The Accidental Life: An Editor’s Notes on Writing and Writers

by Terry McDonell

reviewed by Erik Hage

Since the 1970s, Terry McDonell has been a prominent editor, shaping such magazines as Rolling Stone, Outside, Esquire, Men’s Journal, and Sports Illustrated. He has edited and befriended such fabled writers as Hunter S. Thompson and George Plimpton, working in that hinterland where the ambitiously literary and the journalistic met and bled into each other. Far from being a relic of a bygone era, however, McDonell is more of a Zelig: long omnipresent yet somehow inconspicuous, cruising the glossy glory days of magazines—and then miraculously averting obsolescence when the Internet yawned open and swallowed so many.

In fact, under McDonell, Sports Illustrated enjoyed leaps in digital revenue. Once a player in the high-word-count world of the New Journalism, he adapted to the click-baited attention economy of the Web as well. As he tells it: “[B]efore you feel too sorry for the old newsstand stars … note that in an ever-fractioning media universe of aggregation and crypto-plagiarism it’s both easier and more fun to manipulate traffic than it ever was to game the old newsstands.”

A good portion of The Accidental Life: An Editor’s Notes on Writing and Writers is steeped in a deeper and (perhaps) less cynical past, however, and McDonell writes as one imagines a great editor should, with incisive economy, evoking personalities in swift, non-showy strokes. Of the stuffy and patrician George Plimpton, he notes, “[I]t wasn’t his privilege that struck you; it was his curiosity,” and Plimpton’s questions “were like trampolines, a technology he admired.

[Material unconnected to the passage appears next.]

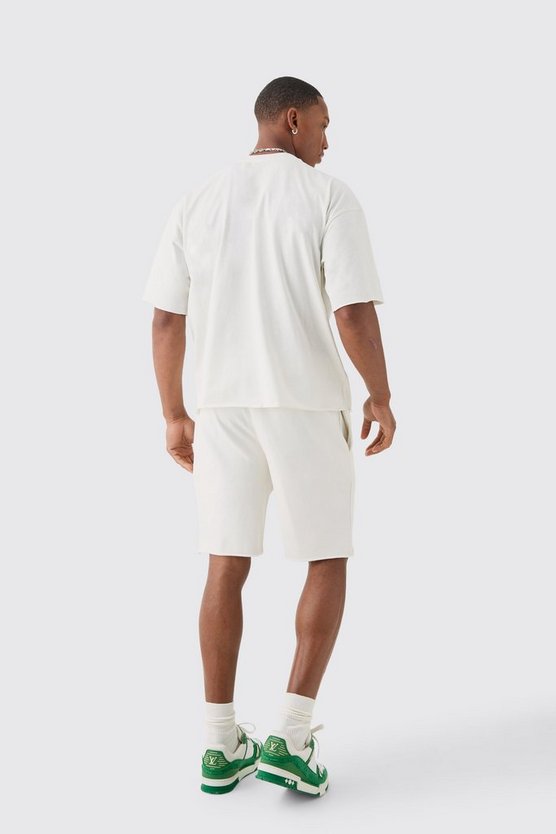 Kastiges Oversize T-Shirt mit rohem Saum und Homme-Print & Shorts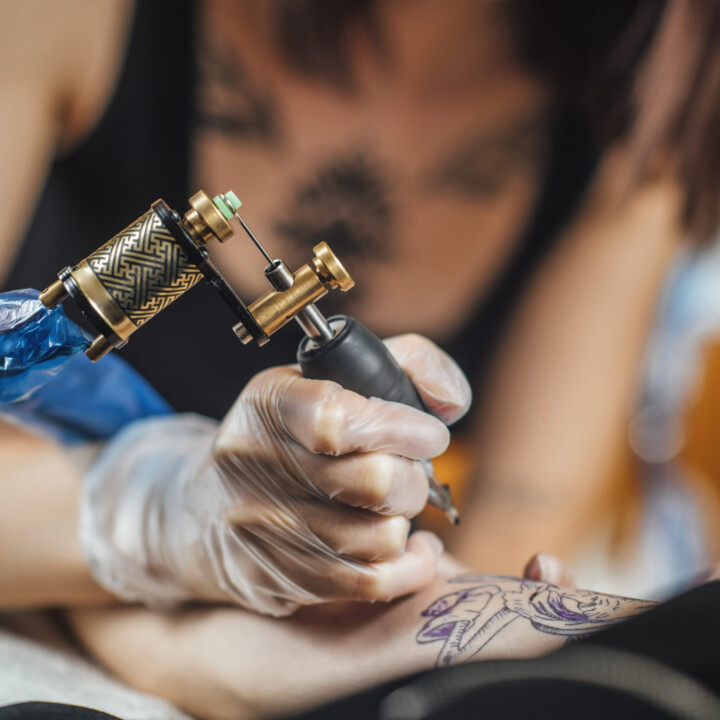 tattoo-machine-close-up-tattoo-artist-creating-tat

They bounced you higher—to the next question.” Inside the home of the late naturalist and writer Peter Matthiessen, McDonell spies “books everywhere, sorted into what seemed like small, discrete libraries of his interests.” Meeting up with Kurt Vonnegut, McDonell conjures the “big, loose-boned walk” of the author, who was “a little unbalanced in his overcoat, handsome but tousled, with long curly hair and a heavy mustache that sometimes hid his grin.”

The Accidental Life is not a memoir really, but an episodic collection of remembrances and observations, all separately framed with a title, a word count, and an -ENDIT- slamming the door on each dispatch. Most titles are names of people he has worked with, but others—“Writer’s Block (157),” or “Ambition (977),” remind us we are in the world of the editor.

The accounts of old-school boozing and drugging among the literati of this world, and of Hunter S. Thompson in particular, are a bit tired and apocryphal, and there is some masculine brio to cut through at times. Nevertheless, McDonell seems acutely aware of the male universe he inhabits, wryly recalling at one point how Outside magazine “incubated out of Rolling Stone’s ‘Men’s Issue.’ (As if every issue of Rolling Stone wasn’t already . . . )” Elsewhere, he highlights the fact that we live in a more enlightened time, in which the most respected mastheads feature “many women executive editors, managing editors, Web editors, mobile editors, art directors, copy chiefs, research editors, [and] photo editors.”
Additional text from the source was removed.